FPV camera technology originated using analog surveillance (CCTV) camera technology. You will find similar technology at the core of today's hardware. Manufacturers have simply repackaged it for ease of use. Modern FPV cameras are purpose built for common applications like front mounting on a quadcopter frame.
This article focuses on the widely used analog technology. There is currently only one player in the digital HD FPV video space. Amimon who makes the Connex HD system. Because that product is an all-in-one solution, we aren't going to mention it in this article.
In this article we dive into the concepts and applications of these small cameras. For further reading, see the master article: Components & Anatomy of an FPV Quadcopter
Before diving into the nitty gritty hardware details, we need to clear up a common newbie misconception.
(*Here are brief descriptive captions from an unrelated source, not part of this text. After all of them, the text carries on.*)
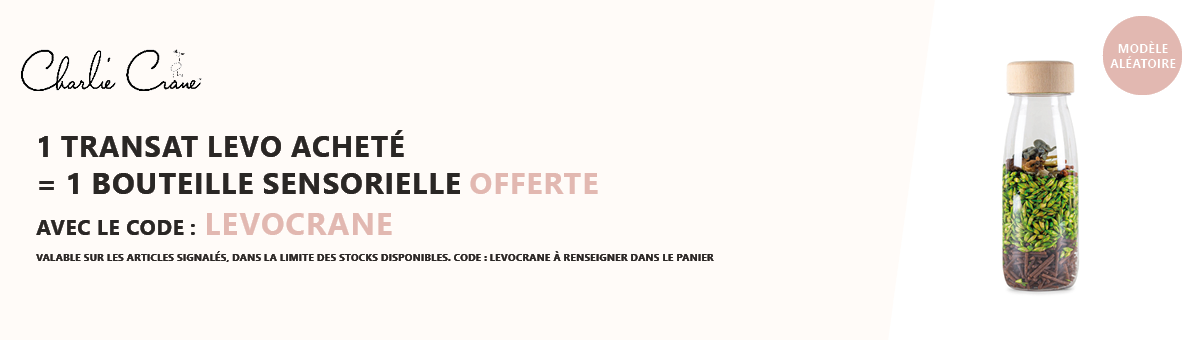 Charlie Crane : 1 transat Levo acheté = 1 bouteille sensorielle offerte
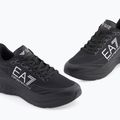 EA7 Emporio Armani Wave Cracking voll schwarz / Silber Schuhe 13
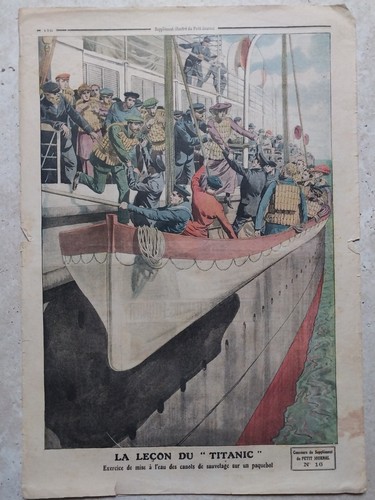 RARE Le Petit Journal 1912 - 3 numéros complet sur le naufrage du TITANIC - Picture 6 of 9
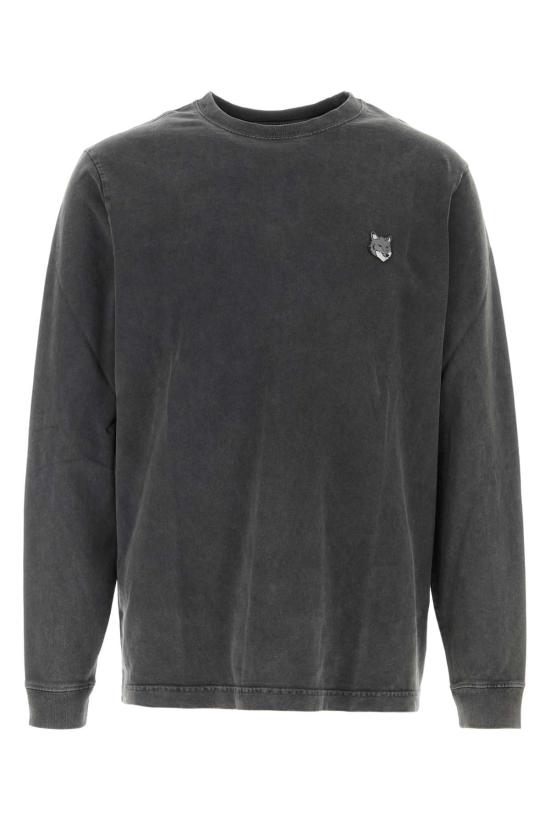 26FW 메종키츠네 긴팔 티셔츠 PM00119KJBIT7 0519 Grey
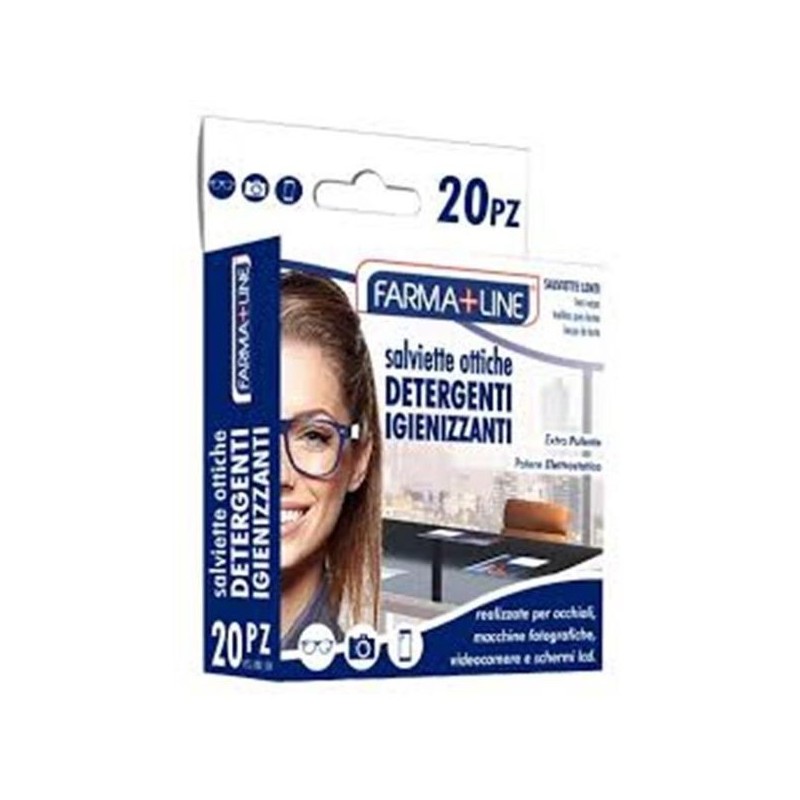 Salviette occhiali 20pz Farmaline | Starclean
In most cases, the brilliant HD videos you see online are NOT the same video feed the pilot sees while flying. High definition video filmed from an FPV quadcopter is done so using an additional flight recorder camera mounted on the frame.
A great example can be seen using one of the most breathtaking pieces of FPV flight video ever filmed. Big shout out to Gab707 - find his YouTube channel here. Gab was nice enough to provide both the final cinematic cut as well as the raw footage from his goggles.
You will find two types of image sensors on FPV cameras: CMOS (complementary metal oxide semiconductor) and CCD (charge coupled device). The job of these sensors is to convert light into electric charge and output it as electronic signals. The different ways these sensors digitally capture images has an effect on the image quality. Lets dive into the specifics of each system as they relate to first person video flying.
This image sensor uses a rolling shutter which captures an image from top to bottom. This continuous capture motion is prone to a 'jello' effect. These sensors are lower cost, lighter weight, and consume less power. That makes them a great match for micro FPV systems.
This image sensor uses a global shutter which captures the entire images in a single moment. This provides a better image quality through vibrations and quick movement. This capture method also performs better in high and low light conditions. This can be important for flying at sunset, sunrise, or at night. The slightly heavier design and focus on image quality makes these sensors desirable in mini and above FPV systems.
For a more technical and in-depth look, see the article CCD vs CMOS from Teledyne DALSA.
In front of the image sensor, you'll find a lens. Normally the lens is attached via threads on a case of some type. Depending on the type of lens you use, the field of view (FOV) changes. This is an important consideration depending on the type of flying you'll be doing. Wider lenses are going to be better if you're doing tight, technical flying. Narrower, long lenses are better for higher altitude and long distance flying.
Here is a great video comparison of a 2.1mm vs 2.8 mm vs 3.6mm FPV lenses:
The most common lens sizes for FPV are as follows:
2.1mm lens has approximate 158 degree field of view
2.5mm lens has approximate 147 degree field of view
2.8mm lens has approximate 130 degree field of view
Forward speed of your quadcopter is determined by the angle of attack. It is natural to maintain a level view plane as you pilot your craft. Most FPV racing frames offer some type of adjustable angle for the FPV camera. While flying, the camera does not move. As the picture changes, it is because the orientation of the quadcopter is changing.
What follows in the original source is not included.